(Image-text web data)
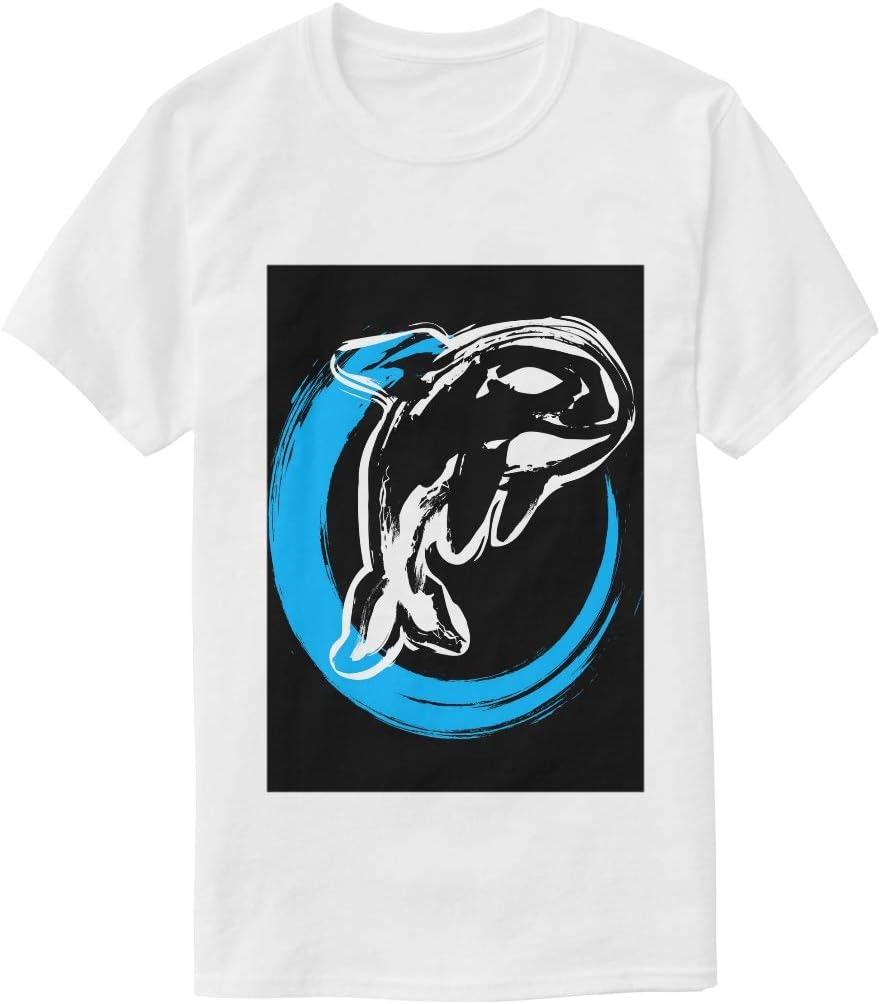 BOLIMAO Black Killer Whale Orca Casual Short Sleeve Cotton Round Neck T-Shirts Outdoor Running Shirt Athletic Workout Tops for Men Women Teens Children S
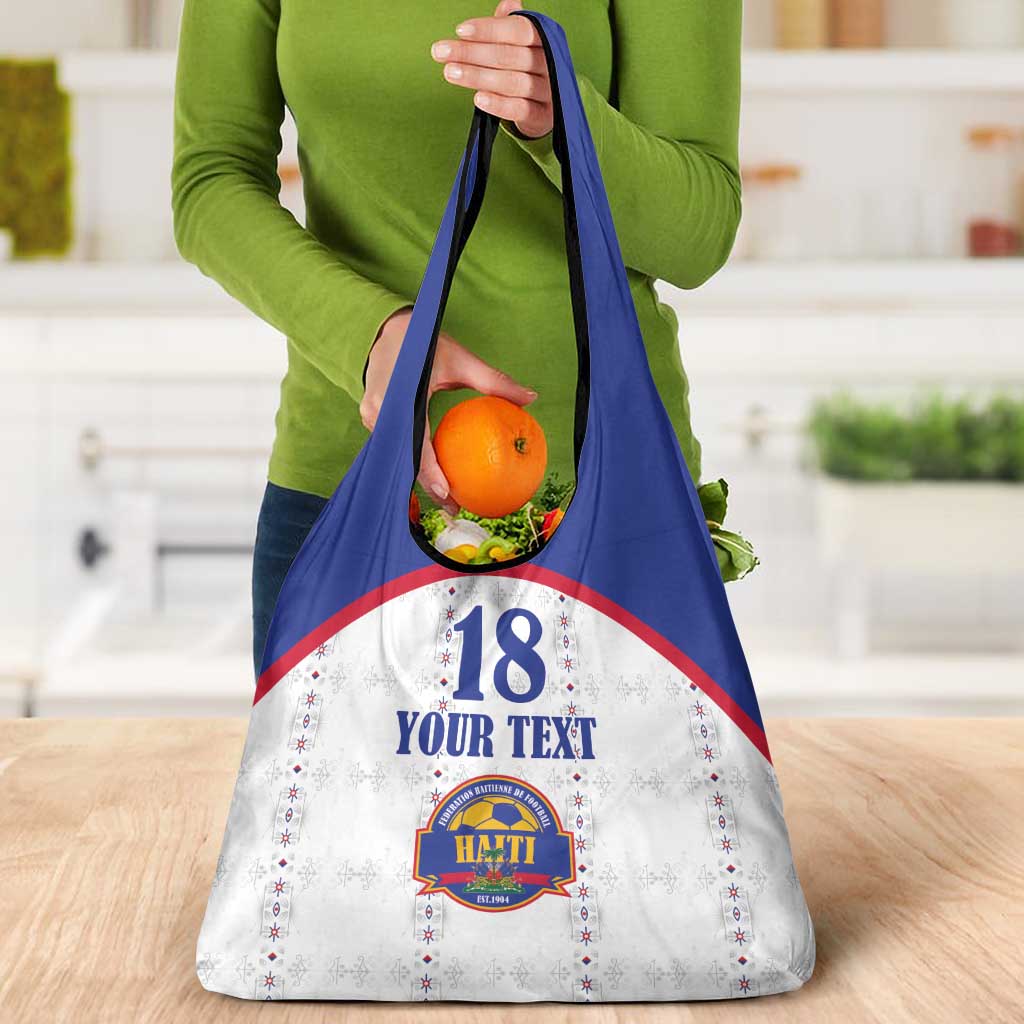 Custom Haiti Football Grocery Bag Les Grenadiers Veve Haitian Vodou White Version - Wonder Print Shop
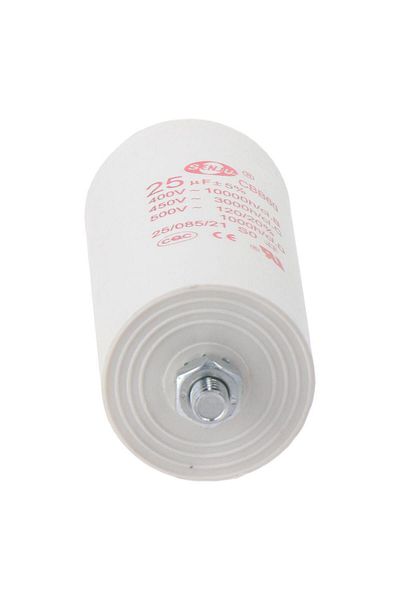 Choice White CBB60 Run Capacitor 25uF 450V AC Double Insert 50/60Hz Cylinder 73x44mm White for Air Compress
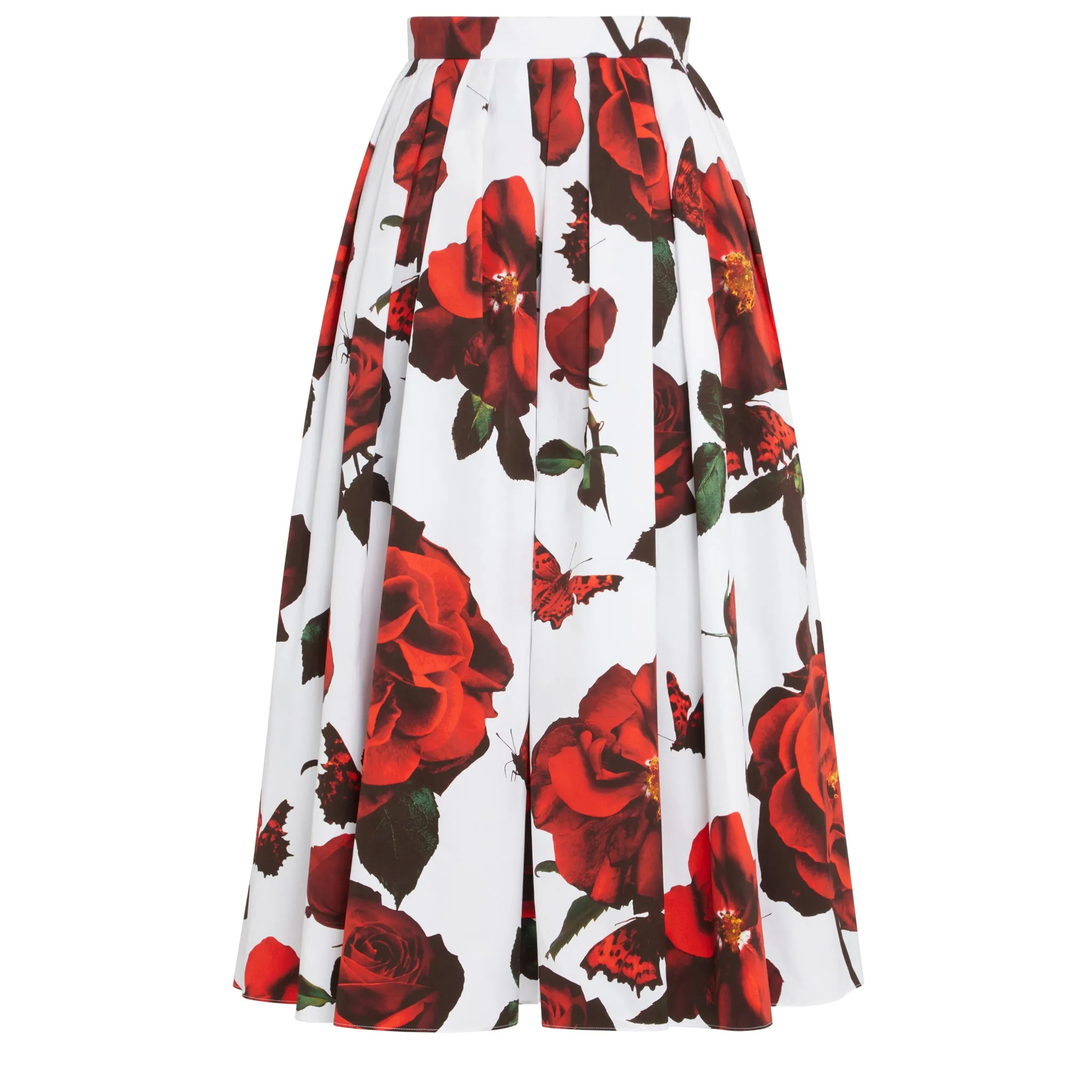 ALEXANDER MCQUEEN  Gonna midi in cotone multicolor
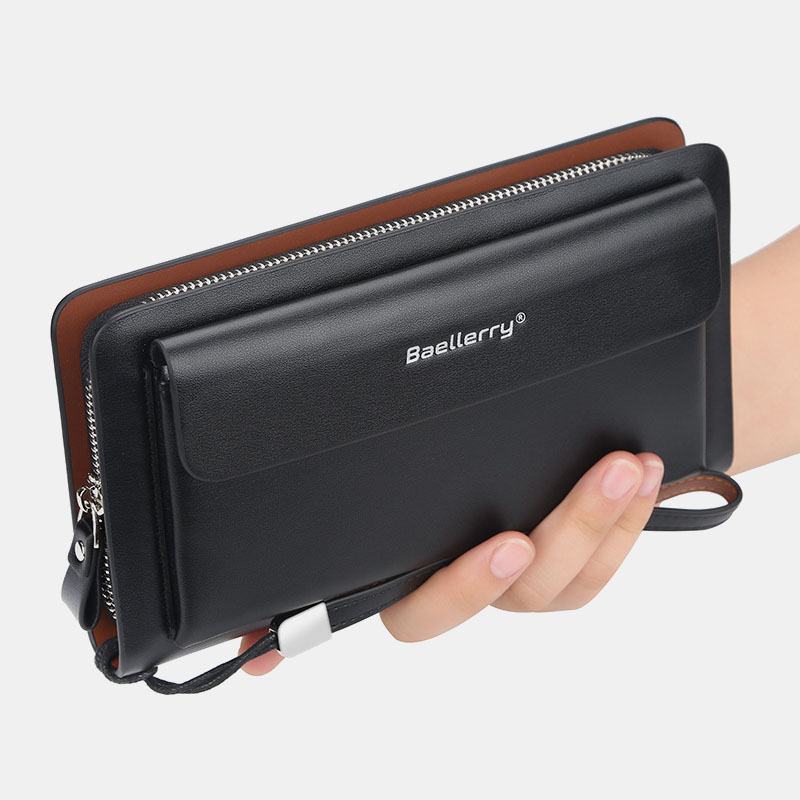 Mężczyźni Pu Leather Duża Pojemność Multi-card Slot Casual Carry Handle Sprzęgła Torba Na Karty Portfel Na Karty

Work order -> Each entry above should come back word for word, and no picture should come with it.

Result below ->
 BOLIMAO Black Killer Whale Orca Casual Short Sleeve Cotton Round Neck T-Shirts Outdoor Running Shirt Athletic Workout Tops for Men Women Teens Children S
 Custom Haiti Football Grocery Bag Les Grenadiers Veve Haitian Vodou White Version - Wonder Print Shop
 Choice White CBB60 Run Capacitor 25uF 450V AC Double Insert 50/60Hz Cylinder 73x44mm White for Air Compress
 ALEXANDER MCQUEEN  Gonna midi in cotone multicolor
 Mężczyźni Pu Leather Duża Pojemność Multi-card Slot Casual Carry Handle Sprzęgła Torba Na Karty Portfel Na Karty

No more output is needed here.